= General Union of Cultural Centres (Gaza) =

Palestinian non-governmental organization

The General Union of Cultural Centres (GUCC; الإتحاد العام للمراكز الثقافية) in Gaza, Palestine, is a non-governmental organization with membership of 52 cultural organizations and centres. It was established in 1997, and its headquarters are in Gaza City.

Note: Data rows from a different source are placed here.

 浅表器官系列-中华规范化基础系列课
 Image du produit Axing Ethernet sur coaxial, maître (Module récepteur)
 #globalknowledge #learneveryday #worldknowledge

Shababeek for Contemporary Art is considered the representative face of the GUCC's visual arts programs. Other activities include youth-focused programming and education. Among the funders of GUCC's projects and activities are the AM Qattan Foundation, the Qatar Fund for Development, and Norwegian People's Aid.

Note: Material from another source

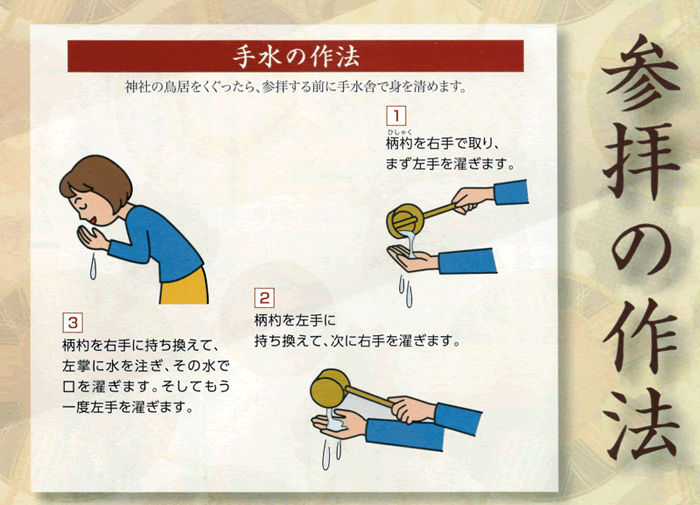 手水の作法　神社の鳥居をくぐったら、参拝する前に手水舎で身を清めます。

The organization also participates in advocacy, such as participating in the "Gazavision" initiative in 2019 and calling publicly for boycott of that year's Eurovision Song Contest.

In 2018, representatives of the GUCC were involved in organizing the Great March of Return.

The Ministry of Interior in Gaza attempted to shut down the organization in 2010.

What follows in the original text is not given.